Reducing hardware overhead of neural networks for faster or lower power inference and training is an active area of research. Uniform quantization using integer multiply-add has been thoroughly investigated, which requires learning many quantization parameters, fine-tuning training or other prerequisites. Little effort is made to improve floating point relative to this baseline; it remains energy inefficient, and word size reduction yields drastic loss in needed dynamic range. We improve floating point to be more energy efficient than equivalent bit width integer hardware on a 28 nm ASIC process while retaining accuracy in 8 bits with a novel hybrid log multiply/linear add, Kulisch accumulation and tapered encodings from Gustafson's posit format. With no network retraining, and drop-in replacement of all math and float32 parameters via round-to-nearest-even only, this open-sourced 8-bit log float is within 0.9% top-1 and 0.2% top-5 accuracy of the original float32 ResNet-50 CNN model on ImageNet. Unlike int8 quantization, it is still a general purpose floating point arithmetic, interpretable out-of-the-box. Our 8/38-bit log float multiply-add is synthesized and power profiled at 28 nm at 0.96× the power and 1.12× the area of 8/32-bit integer multiply-add. In 16 bits, our log float multiply-add is 0.59× the power and 0.68× the area of IEEE 754 float16 fused multiply-add, maintaining the same signficand precision and dynamic range, proving useful for training ASICs as well.
Introduction
Reducing the computational complexity of neural networks (NNs) while maintaining accuracy encompasses a long line of research in NN design, training and inference. Different computer arithmetic primitives have been considered, including fixed-point [21] , uniform quantization via 8 bit integer [15] , ternary [20] and binary/low-bit representations [29, 3, 1] . Some implementations are efficiently implemented on CPU/GPU ISAs [35, 33] , while others demand custom hardware [10] . Instead of developing quantization techniques increasingly divorced from the original implementation, we seek to improve floating point itself, and let word size reduction yield efficiency for us. It is historically known to be up to 10× less energy efficient in hardware implementations than integer math [14] . Typical implementation is encumbered with IEEE 754 standard compliance [37] , demanding specific forms such as fused multiply-add (FMA) that we will show as being inefficient and imprecise. Memory movement (SRAM/DRAM/flip-flops) dominates power consumption; word bit length reduction thus provides obvious advantages beyond just reducing adder and multiplier area.

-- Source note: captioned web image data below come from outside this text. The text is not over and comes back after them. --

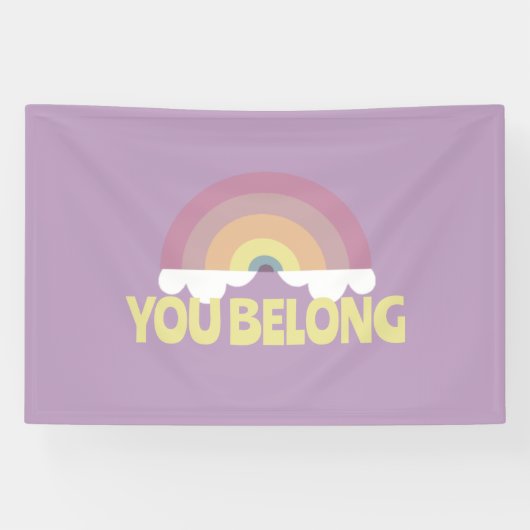 Jij hoort bij Rainbow Spandoek (Horizontaal)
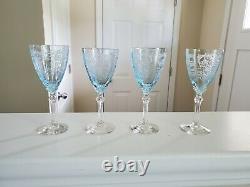 Set of 4 Vintage Fostoria Versailles Azure Etched Crystal 3oz Wine Goblets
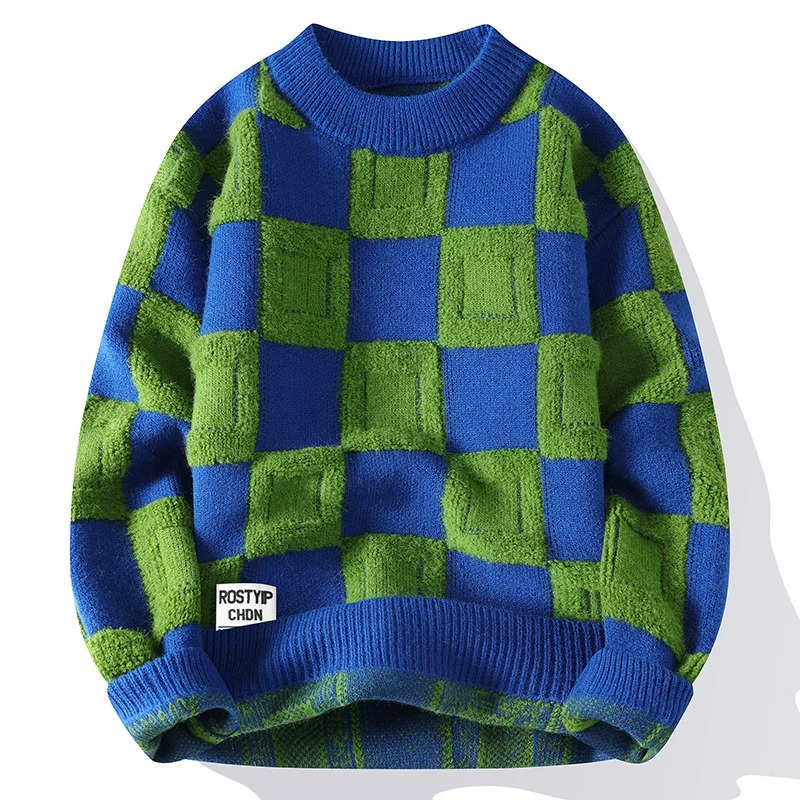 clothing mens sweater Harajuku fashion knitted hiphop streetwear pullout oversized casual Oneck retro 4XLM 241213Z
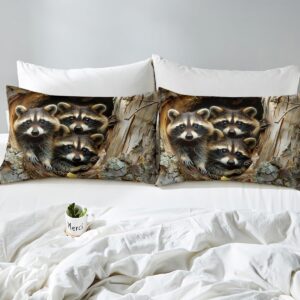 Raccoon Bedding Duvet Cover Set Queen Size Raccoon Bedding Set for Kids Boys Girls Possum Gifts Comforter Cover Set Raccoon Stuffed Animal Family Bedspread Cover Bedroom Bedclothes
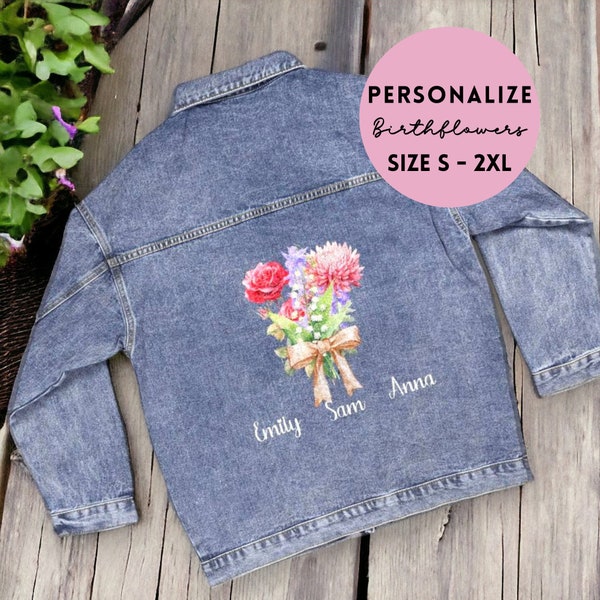 Birth Flowers Personalized Oversized Women's Denim Jacket With Names, Custom Birth Month Flowers For Mom, Gift For Grandma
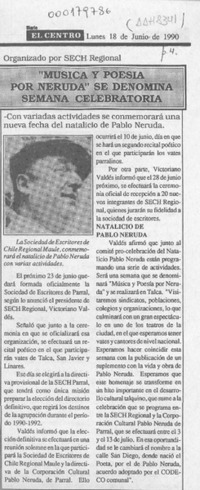 "Música y poesía por Neruda" se denomina semana celebratoria  [artículo].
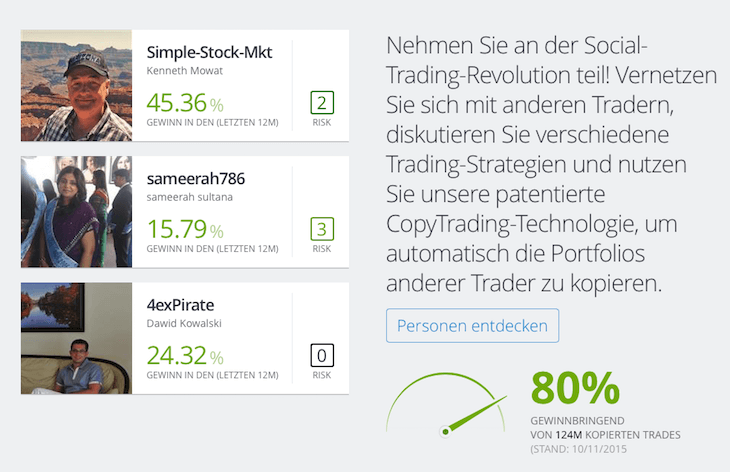 Vernetzung mit Profi-Tradern bei eToro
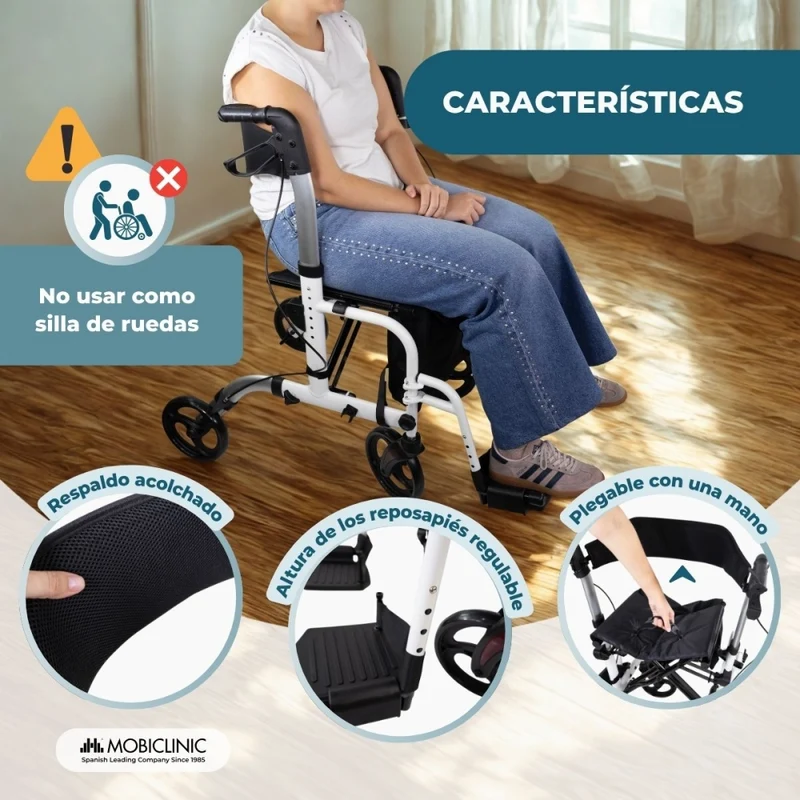 Rollator mit Fuß- und Rückenlehne | Faltbar | Aluminium | Bremsen | 360º Räder | Tasche | Stockhalterung | Ibiza | Mobiclinic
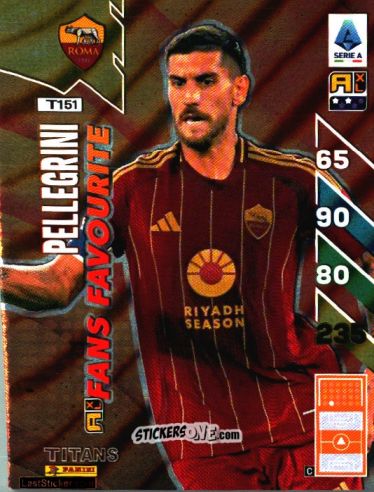 Sticker Lorenzo Pellegrini - Calciatori 2024-2025. Adrenalyn XL TITANS
 n. T151 - Panini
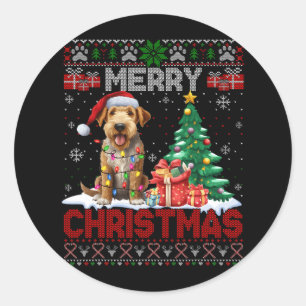 Merry Christmas Airedale Terrier Dog Lover Ugly Xm Classic Round Sticker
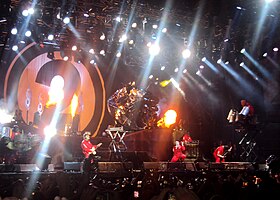 Several members of Slipknot performing onstage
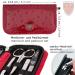 Three Swords 8 pcs Manicure Set 'Roma' | High-Quality Ostrich Leather Imitation Nail Case | Complete Nail Care Tools - Scissors Clippers Tweezers Glass & Sapphire Files - Buy Online on SooperMarket.com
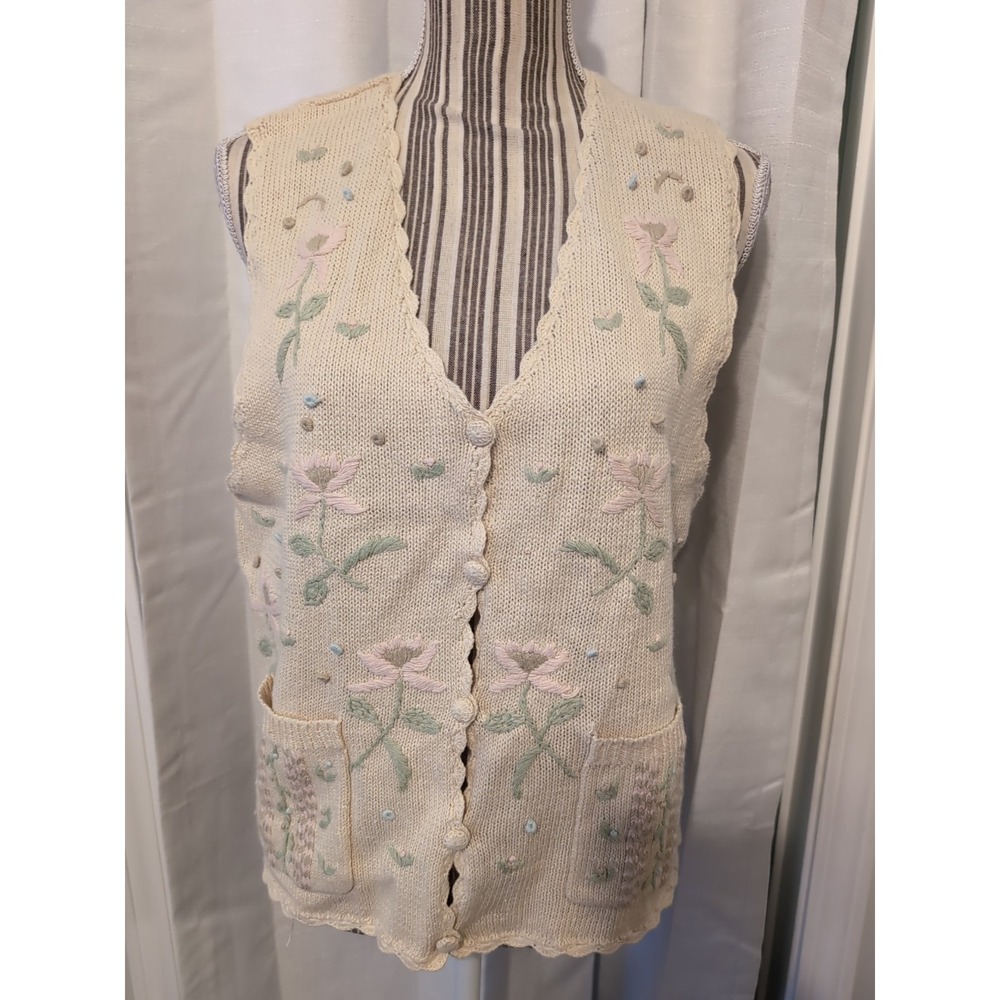 Vintage‎ Bryn Connelly Floral Embroidered Scalloped Knit Vest Sz M Granny Easter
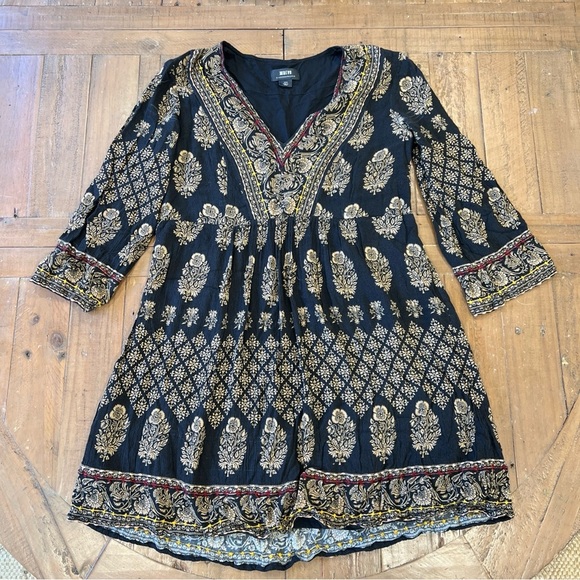 Anthropologie Maeve Maplewood Dress XSP Paisley Bohemian V-neck Festival Mini - Picture 2 of 12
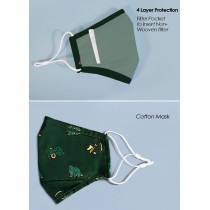 Nohoo Kids Re-usable Face Mask - Dinosaur - Green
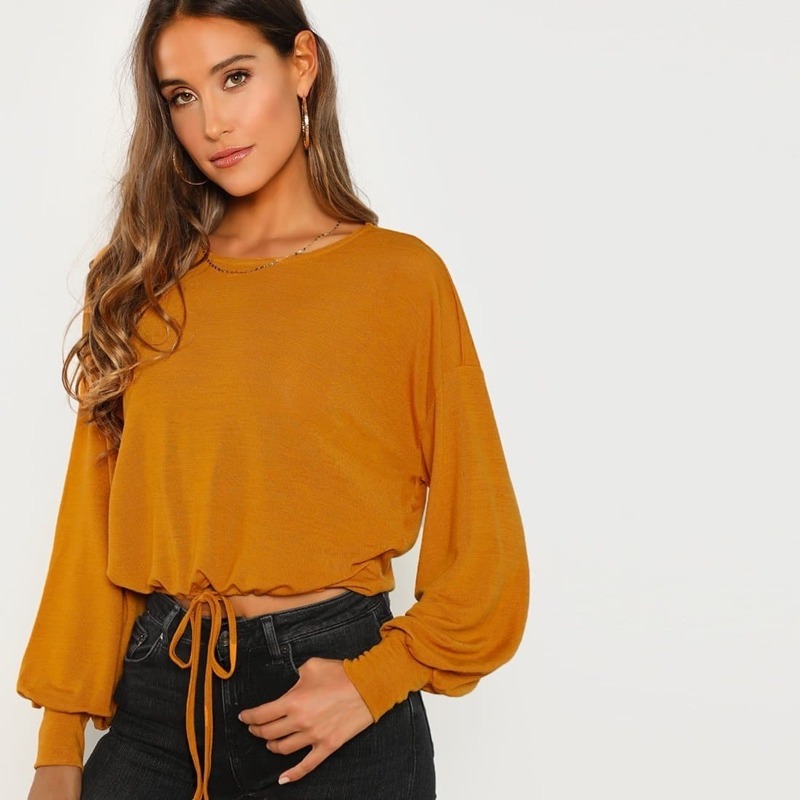 

Drawstring Hem Textured Pullover, Yellow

We explore encodings to better capture dynamic range with acceptable precision in smaller word sizes, and more efficient summation and multiplication (Sections 3-5), for a reduction in chip power and area. Significant inspiration for our work is found in logarithmic number systems (LNS) [2] and the work of Miyashita et al. [24] that finds logarithmic quantizers better suited to data distributions in NNs, and alternative visions of floating point from Gustafson [11, 12] and Kulisch [19] . We sidestep prior LNS design issues with numerical approximation and repurpose ideas from Gustafson and Kulisch, producing a general-purpose arithmetic that is effective on CNNs [13] without quantization tinkering or re-training (Section 7), and can be as efficient as integer math in hardware (Section 8).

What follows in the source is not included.